Caparezza al PalaYamamay: "Il concerto? Un’autoanalisi"

A Busto Arsizio l'unica tappa lombarda del tour. Poi sarà festival open air

Caparezza

Caparezza

Busto Arsizio (Varese), 20 febbraio 2018 - Le sue prigioni.  Seduta pubblica di autoanalisi per Caparezza venerdì prossimo al PalaYamamay di Busto Arsizio, unica tappa lombarda 2018 di quel “Prisoner 709 Tour” che lo riporta alla conquista dei palasport. Esaurito con settimane di anticipo, lo show di Busto è, infatti, un tonante piano di fuga da quel carcere mentale in cui Michele Salvemini-“Capa” s’è cacciato bordeggiando con le sue letture Freud e Jung, Zimbardo e Sacks. Un distillato psicanalitico evocato pure dal video di “Una chiave”, girato dal rapper pugliese tra la Basilicata e casa sua, a Molfetta, assieme ad un piccolo alter ego tale e quale a lui.

Michele, perché parlare con se stesso bambino...

«Perché lo faccio pure nella canzone. Essendo “Prisoner 709” un carcere mentale, emotivo, il capitolo della visita del parente è stato sostituito da quello della visita a me stesso. È il bambino a darmi coraggio, non il contrario, e quindi a sorprendermi suggerendo di guardare avanti e non al passato. Insomma, offrendomi una chiave per aprirmi al mondo».

La frase “potessi abbattere lo schermo degli anni, ti donerei l’inconsistenza dello scherno degli altri” è impegnativa.
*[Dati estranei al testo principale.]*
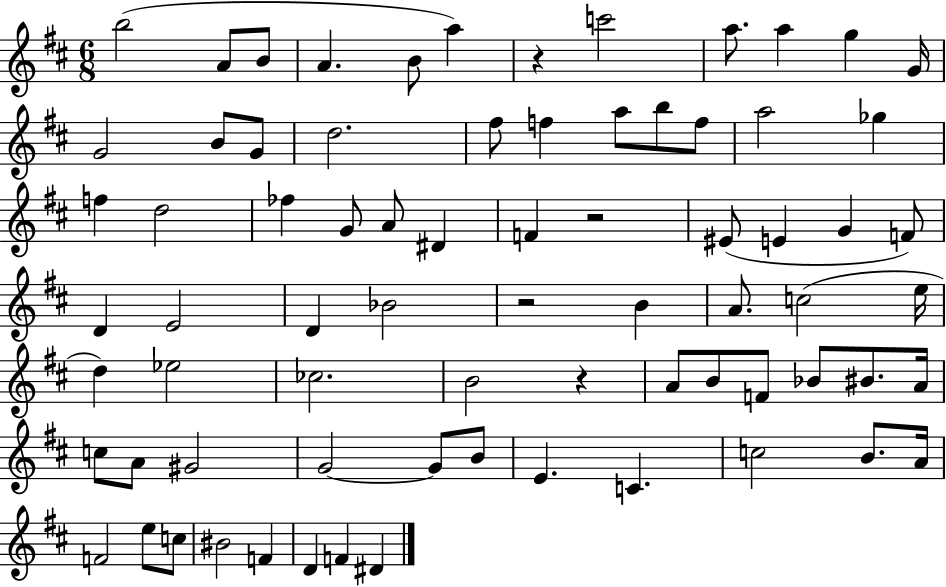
{
  \clef treble
  \numericTimeSignature
  \time 6/8
  \key d \major
  b''2( a'8 b'8 | a'4. b'8 a''4) | r4 c'''2 | a''8. a''4 g''4 g'16 | \break g'2 b'8 g'8 | d''2. | fis''8 f''4 a''8 b''8 f''8 | a''2 ges''4 | \break f''4 d''2 | fes''4 g'8 a'8 dis'4 | f'4 r2 | eis'8( e'4 g'4 f'8) | \break d'4 e'2 | d'4 bes'2 | r2 b'4 | a'8. c''2( e''16 | \break d''4) ees''2 | ces''2. | b'2 r4 | a'8 b'8 f'8 bes'8 bis'8. a'16 | \break c''8 a'8 gis'2 | g'2~~ g'8 b'8 | e'4. c'4. | c''2 b'8. a'16 | \break f'2 e''8 c''8 | bis'2 f'4 | d'4 f'4 dis'4 | \bar "|."
}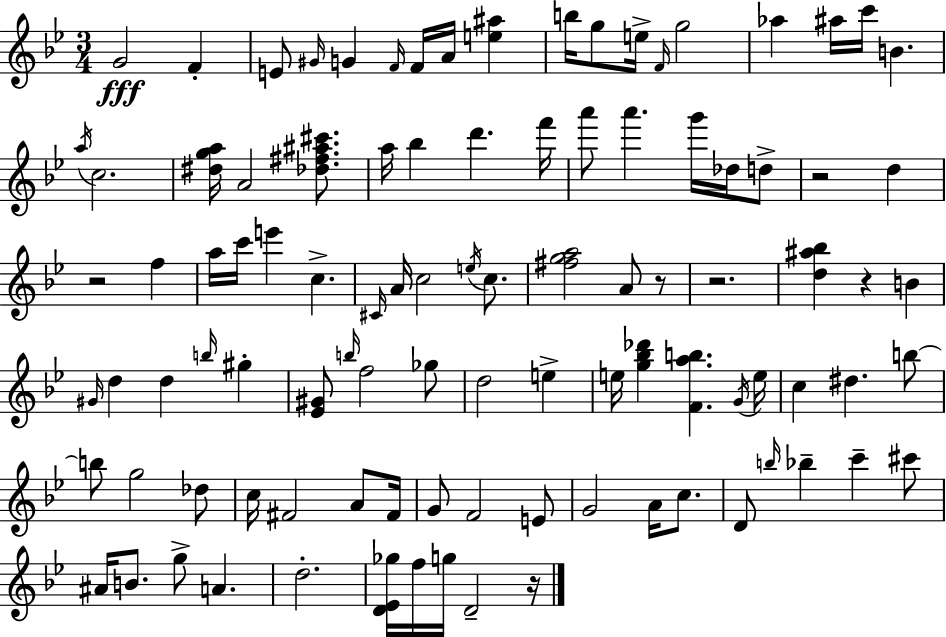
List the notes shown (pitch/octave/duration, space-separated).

G4/h F4/q E4/e G#4/s G4/q F4/s F4/s A4/s [E5,A#5]/q B5/s G5/e E5/s F4/s G5/h Ab5/q A#5/s C6/s B4/q. A5/s C5/h. [D#5,G5,A5]/s A4/h [Db5,F#5,A#5,C#6]/e. A5/s Bb5/q D6/q. F6/s A6/e A6/q. G6/s Db5/s D5/e R/h D5/q R/h F5/q A5/s C6/s E6/q C5/q. C#4/s A4/s C5/h E5/s C5/e. [F#5,G5,A5]/h A4/e R/e R/h. [D5,A#5,Bb5]/q R/q B4/q G#4/s D5/q D5/q B5/s G#5/q [Eb4,G#4]/e B5/s F5/h Gb5/e D5/h E5/q E5/s [G5,Bb5,Db6]/q [F4,A5,B5]/q. G4/s E5/s C5/q D#5/q. B5/e B5/e G5/h Db5/e C5/s F#4/h A4/e F#4/s G4/e F4/h E4/e G4/h A4/s C5/e. D4/e B5/s Bb5/q C6/q C#6/e A#4/s B4/e. G5/e A4/q. D5/h. [D4,Eb4,Gb5]/s F5/s G5/s D4/h R/s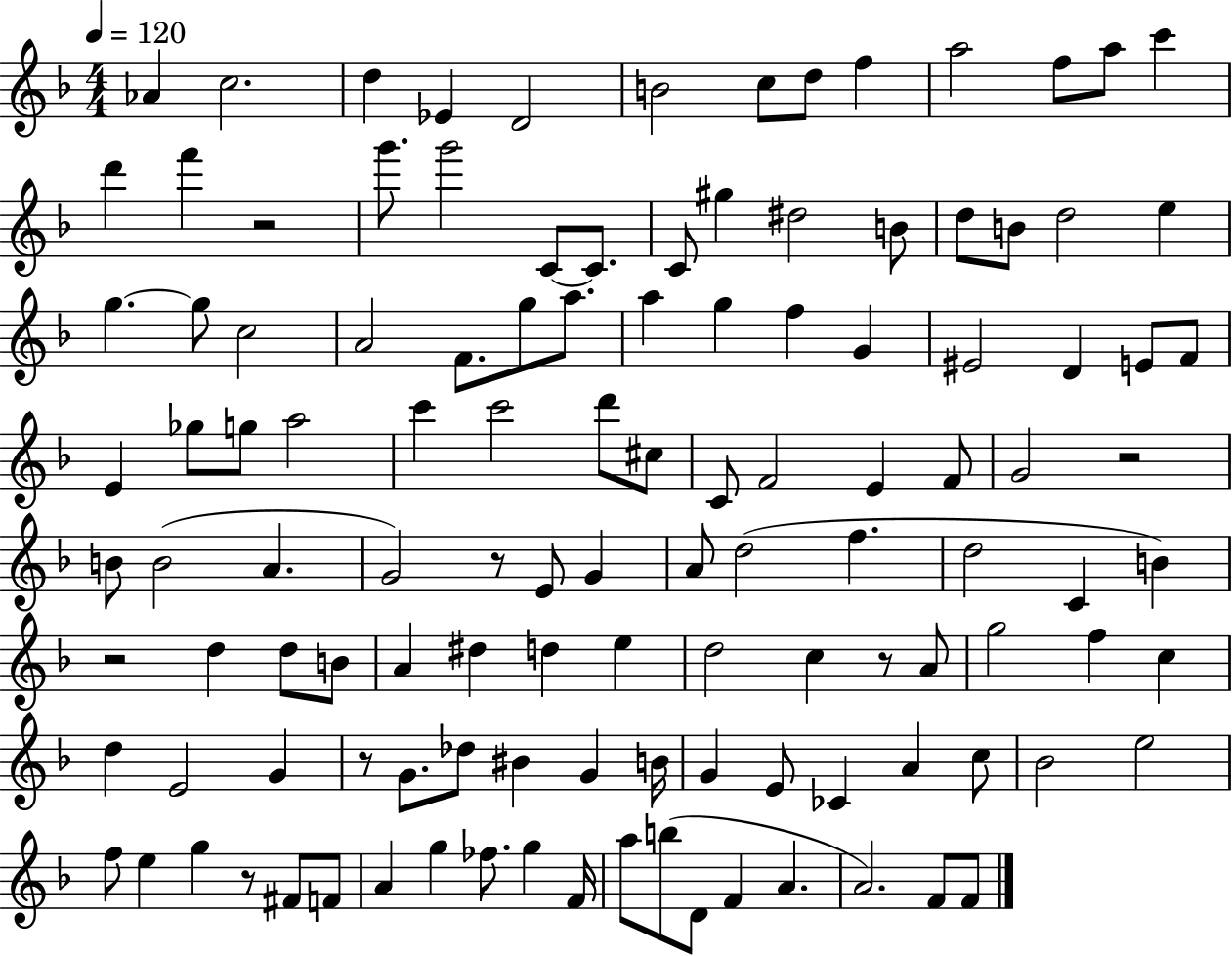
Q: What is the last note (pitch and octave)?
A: F4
«Sì, ma credo che sia capitato a tutte le persone un po’ particolari, un po’ strane, non inquadrate, come me, di essere anche un po’ dileggiato per la sua diversità. Ma alla fine è proprio il disallineamento ad avermi spinto in una direzione interessante».

Quale?.

«Ho fatto, ad esempio, la scelta di andare sul palco e di dare lì il meglio che potevo. Questa cosa mi ha permesso, nel tempo di fidelizzare un pubblico. In linea con questo principio, dopo le dieci date nelle principali arene, volevo dare l’occasione di assistere allo spettacolo pure a quanti non vivono in grandi città come Roma, Bologna o Milano, ma apprezzano comunque la mia musica. Offrirgli uno spettacolo irripetibile in un altro contesto, a cominciare da quei festival che intendo affrontare in estate. Anche se questa di Busto Arsizio è l’ultima occasione per vedere lo spettacolo così come l’ho concepito, visto che poi “open air” cambierà faccia».

Presentando “Prisoner 709” ha detto che gli album debbono esistere, non piacere. A giudicare dai palasport pieni, si direbbe che le due cose possano anche sovrapporsi.

«Quando si verifica questa alchimia, sono felice. Al tempo ho detto quella frase perché allora non ero così convinto che “Prisoner 709” potesse incontrare il successo che poi ha avuto. Sono stato il primo a sorprendersi. Per la prima volta in quasi vent’anni che faccio concerti ho riempito il Forum di Assago fino all’ultimo posto. Mi sono sentito come la classica formichina che passo dopo passo raggiunge il traguardo. Alla fine di ogni spettacolo, più che pagato, mi sento appagato dalla reazione del pubblico».

Lo Stato Sociale ha portato a Sanremo il Piccolo Coro dell’Antoniano così come lei ha schierato un coro di bambini nel video di “Mi fa stare bene”.

«Secondo me nei cori di voci bianche c’è una potenzialità molto alta perché, per come vanno oggi le cose, la sola speranza a cui possiamo aggrapparci è la prossima generazione».